A note to Al »« Greta’s father

A hit, a palpable hit

In a comment by adriana at Stephanie’s.

One interesting fact about this whole affair of rejection of feminism or the word feminism, is that a bunch of atheists (I don’t know how many, but they sure are vocal) think Western women, and especially atheist women in secular democracies, have nothing to complain about. Equality has been reached, according to those people, and misogyny eradicated. Therefore, any complaints of unequal treatment or misogyny are signs of bitchiness, basically.

I hadn’t thought of that before. That’s illuminating.

It certainly seems to fit well with “Dear Muslima” and all the subseqent bullshit that has amounted to amplification of  “Dear Muslima” – so much amplification that we all feel a bit deaf.

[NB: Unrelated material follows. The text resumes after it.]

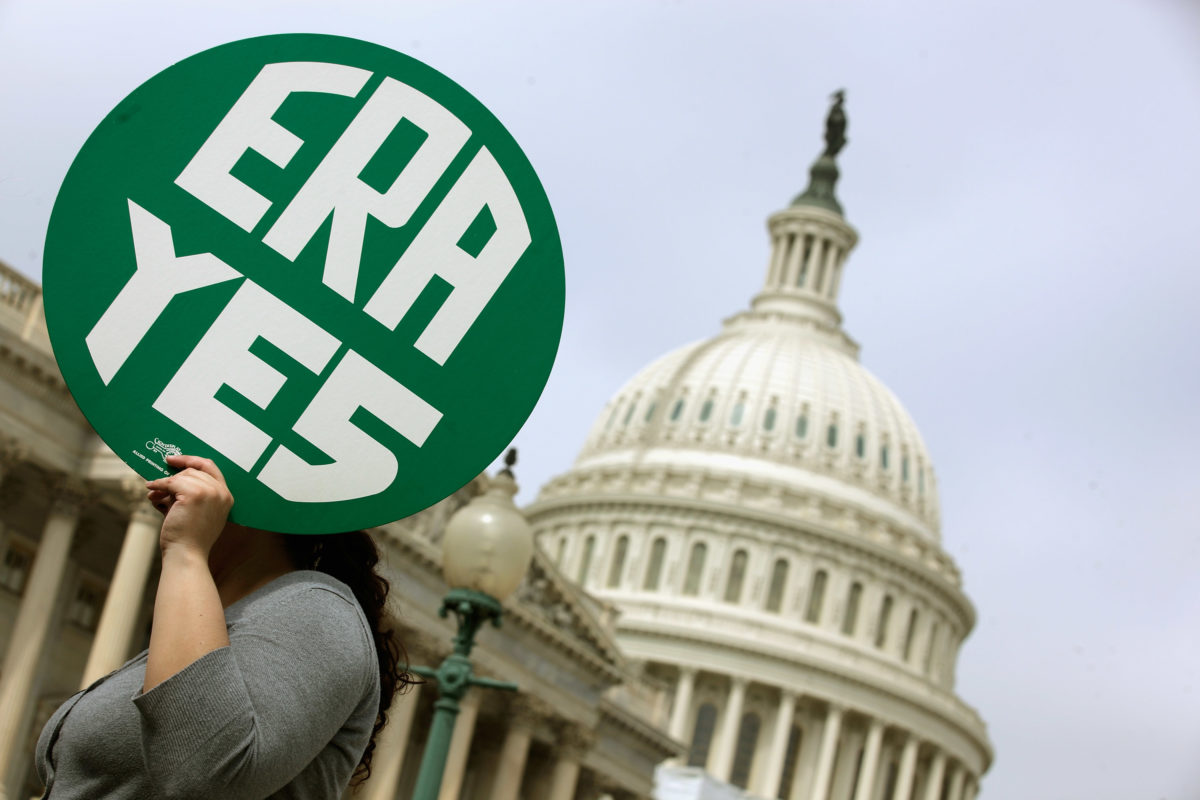 WASHINGTON, DC - MARCH 22: A woman hold up a sign as members of Congress and representatives of women's groups hold a rally to mark the 40th anniversary of congressional passage of the Equal Rights Amendment (ERA) outside the U.S. Capitol March 22, 2012 in Washington, DC. Rep. Carolyn Maloney (D-NY) and Sen. Robert Menendez (D-NJ) introduced a new version of the Equal Rights Amendment last year and called for it to be passed again. (Photo by Chip Somodevilla/Getty Images)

Yeah, we’re just being bitchy when we object to being called bitches and cunts. We’re being bitchy, because hey, Nancy Pelosi, and SUVs, and Real Housewives of New Jersey, and bikini waxes, and slate countertops, and Sex and the City, and Greek yogurt, and contraception. What more do we want?

Biatches.

Comments

  1. says

    It is a weird sort of “Muslim women, demand equality from your Muslim men; Western women, be grateful you’re not Muslim women and STFU” isn’t it?

    Of course, it isn’t really about “really” oppressed women versus “not too badly” oppressed women. That type is also happy to point out relatively minor ways that women are mistreated, as long as the mistreatment comes from a weaker group that they can beat up on. The professional philosophers and academics and that entire upper-class educated type can even recognize harassment of women when it comes from working class white men in Western cities on the street or at the pub.

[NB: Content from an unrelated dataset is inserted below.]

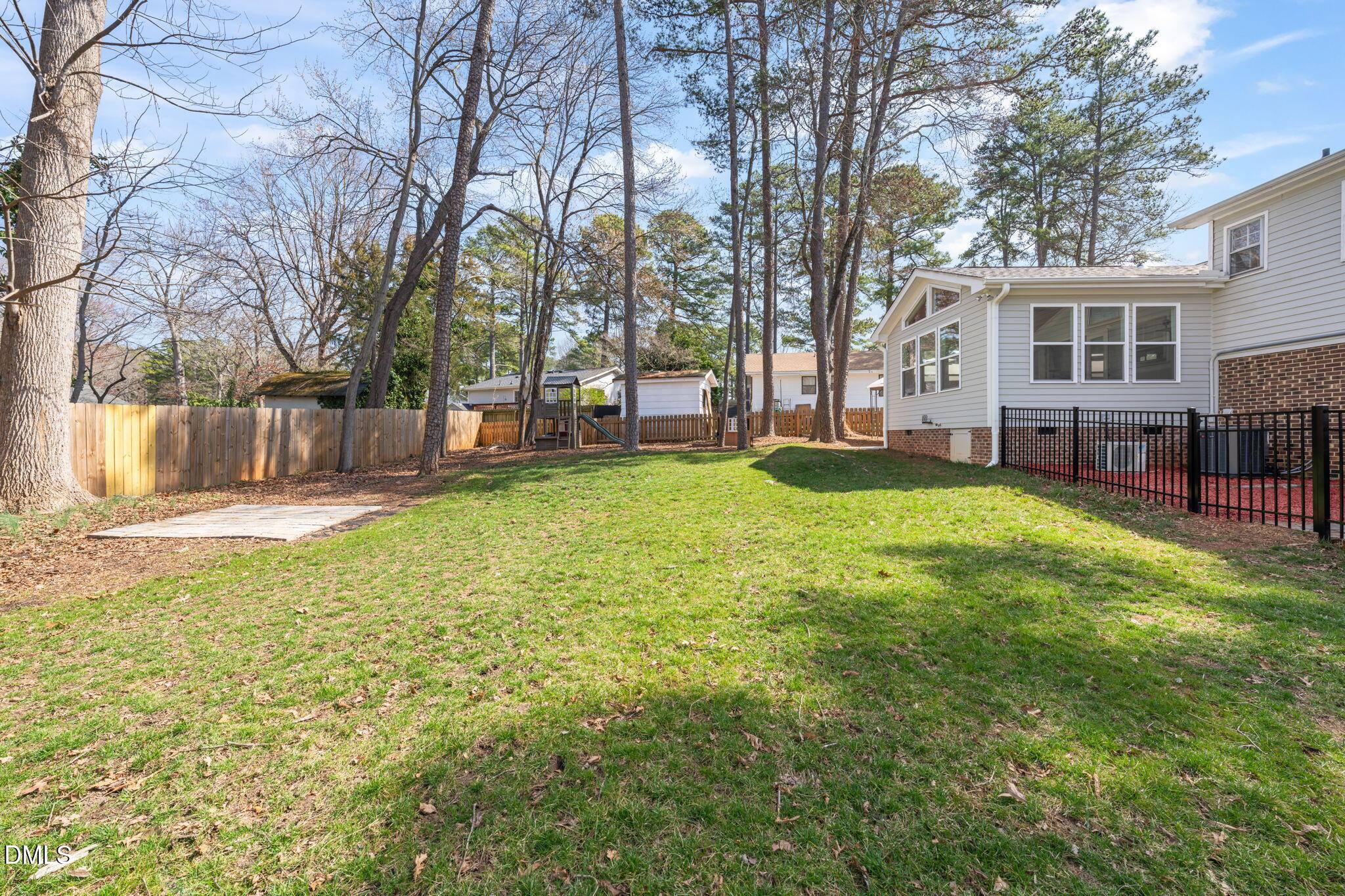1004 Woodhill Court Raleigh, NC 27615 - Photo 34 of 43 a swimming pool with outdoor seating and a garden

    It is almost NEVER about women, it is almost ALWAYS about kicking someone else lower in social status and then feeling superior. The anger comes when the attention gets turned towards everyone, and their wealth and education and various and sundry privilege can’t protect their own behavior anymore.

  2. jhendrix says

    Ophelia, all this talk about feminism doesn’t affect me, in fact it makes me uncomfortable. Couldn’t you please just stop it and get back to talking about how there’s no god or the debate or something?

  3. says

    Forgive me if I’m just missing sarcasm, but I thought this was one of those ‘odd but obvious’ things.

    There was even a comment on one of your threads (here) said as much pretty explicitly a little while back.

    Can’t remember where, but someone was mulling also that perhaps this was Dawkins’ issue: that he has this idée fixe that secular nations and/or organizations mostly get this right, anyway, so if you’ve issues, they can’t possibly be that serious, ya whiner…

    (/Not necessarily committed to that later bit myself; just saying it’s been around.)

  4. briane says

    To be honest, I thought it was a given. On tv I hear people say ‘who listens to Germaine Greer these days? She’s got nothing useful to say’ or Our anti-FTP friends will dismiss people as ideological. That’s why I understood the need to talk about privilege, or frame the discussion as about privilege. Because, technically a woman can do anything in society like run a top company, or be a political leader. The problem is the structural inequality, that makes it so much harder for a woman versus a man who’s similarly qualified, or a non-Caucasian versus …

  5. callistacat says

    I’ve been accused by atheist men of not caring about Muslim women when talking about a completely unrelated subject, it’s happened so many times I’ve lost count. I’ve been told all feminists are selfish bitches and support Muslim women wearing burqas and don’t ever talk about FGM. Christopher Hitchens once wrote that “the silence is deafening” from Western feminists regarding the plight of Muslim women. (American feminists protested his pal GW Bush when as President he entertained members of the Taliban in the White House, but I guess Hitchens conveniently didn’t notice). A.C. Grayling wrote that it’s up to Western women to “strain every sinew” to liberate Muslim women, as if Western men aren’t obligated to do a damn thing.

    It’s a way for them to justify hating or dismissing feminism and feeling righteous about it, too. As if we have the power to end their oppression but for some reason we’re holding out.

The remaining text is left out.